BRADENTON -- Teammates.
They’re what make team sports special.
That was the theme of Friday night’s State College of Florida Athletics Hall of Fame induction ceremony.
The Class of 2012 featured the first entire team, the 1988 volleyball squad, along with former baseball teammates in the late 1960s at what was then Manatee Junior College, Pat Osburn and Mac Scarce.
The baseball players went on to room with each other during their Florida State University careers before making it into Major League Baseball.
The former professional pitchers still keep in touch to this day, emphasizing the bond developed during their college heyday more than 40 years ago.

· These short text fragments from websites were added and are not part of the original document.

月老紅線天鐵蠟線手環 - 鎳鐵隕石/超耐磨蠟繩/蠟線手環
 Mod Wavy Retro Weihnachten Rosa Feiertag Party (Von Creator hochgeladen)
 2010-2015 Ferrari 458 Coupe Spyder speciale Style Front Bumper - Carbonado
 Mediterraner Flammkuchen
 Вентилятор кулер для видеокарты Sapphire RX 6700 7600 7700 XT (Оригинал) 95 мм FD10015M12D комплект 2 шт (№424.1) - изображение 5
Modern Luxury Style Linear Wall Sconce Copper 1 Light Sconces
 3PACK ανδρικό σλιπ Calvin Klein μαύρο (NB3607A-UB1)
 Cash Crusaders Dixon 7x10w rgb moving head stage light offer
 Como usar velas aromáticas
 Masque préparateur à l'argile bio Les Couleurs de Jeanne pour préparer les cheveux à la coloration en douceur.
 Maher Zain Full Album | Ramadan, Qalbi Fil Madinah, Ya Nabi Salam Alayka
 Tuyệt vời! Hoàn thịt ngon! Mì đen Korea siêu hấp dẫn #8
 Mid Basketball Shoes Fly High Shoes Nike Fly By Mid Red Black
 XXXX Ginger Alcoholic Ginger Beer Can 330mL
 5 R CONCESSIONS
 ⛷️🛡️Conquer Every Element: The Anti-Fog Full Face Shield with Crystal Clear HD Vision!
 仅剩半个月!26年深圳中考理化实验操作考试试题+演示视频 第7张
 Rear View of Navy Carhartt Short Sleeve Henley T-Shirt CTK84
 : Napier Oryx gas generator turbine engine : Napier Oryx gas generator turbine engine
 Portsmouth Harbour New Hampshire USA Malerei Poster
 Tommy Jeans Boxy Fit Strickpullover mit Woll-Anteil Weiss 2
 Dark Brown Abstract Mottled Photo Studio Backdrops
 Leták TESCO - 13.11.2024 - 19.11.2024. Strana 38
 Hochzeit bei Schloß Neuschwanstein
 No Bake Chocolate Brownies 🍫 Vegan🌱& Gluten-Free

“Pat and I, we’ve kept in touch,” Scarce said. “Through pro ball, we kept in touch some. When he was at Cincinnati and I was in Philly, we’d see each other. ... We met here at Manatee, lifelong friend. It’s really great we’re going in on the same night.”
These days, major league pitchers use a combination of a curveball and slider, known as the slurve.
Scarce, though, was using the pitch to baffle hitters several decades ago because of a “tender elbow” he had while playing for legendary baseball coach Bob Wynn.
“When I started pitching again, I tried to develop something different other than a curveball that would relieve some strain on my elbow,” Scarce said. “So I started trying to think, throw a fastball, and then at the end just snap it. ... It was more of a fastball that broke down like a slider.”
Scarce’s ability to shut down opposing hitters is what made him a no-brainer for selection into the hall of fame as one of the college’s most dominant closers.
Meanwhile, Osburn said he resigned himself to not making to the hall because he played just one season at Manatee Junior College.
That one year, though, was quite special. He posted a 10-1 record with a 0.74 earned-run average, while earning all-conference and all-ctate honors as pitcher of the year in 1969.
The NJCAA All-American and Bradenton resident then took the next step to FSU.
“You couldn’t make me any happier to be in with Mac,” said Osburn about getting inducted this year. “I had always thought in my mind that it would be difficult for me to qualify, because even though I put up some good numbers, it was only one year. I’m competing against other people to get in that had put up great numbers, but they did it two years.”
While Osburn and Scarce, who lives in Atlanta, embodied the teammate bond throughout the years off the baseball diamond -- the pair still attend FSU football games -- the 1988 volleyball team did something the college had never done before.
That was winning a state championship. Miami-Dade has captured 40 state crowns, while just two other schools in Florida have hoisted the title.
But that ’88 team under Hall of Fame coach Sandy Holliman accomplished the feat. Team leaders included Sherry Lauria, Becky Thyhsen, Lisa Page and Leigh Ann Justice. Lauria was a first team National Junior College Athletic Association All-American, Page an honorable mention selection.
The Lancers tallied a 40-3 record on the way to finishing third in the nation. An early defeat to Miami-Dade motivated the group to reel off victory after victory leading up to the state title match against its nemesis.
It was especially memorable for Kelly Waterman, who works at the sports giant IMG Academies and lives in Bradenton.
“Cookie Stevens (Miami-Dade’s coach at the time) didn’t want me to play volleyball,” said Waterman, who originally went to Miami-Dade. “I was sitting 14th on her team and had a bad knee. Wouldn’t let me transfer, but finally was able to transfer. ... Every time we played them, they would be at the net saying stuff to us and we were saying stuff to them.”
The victory snapped Miami-Dade’s string of consecutive state titles at 19.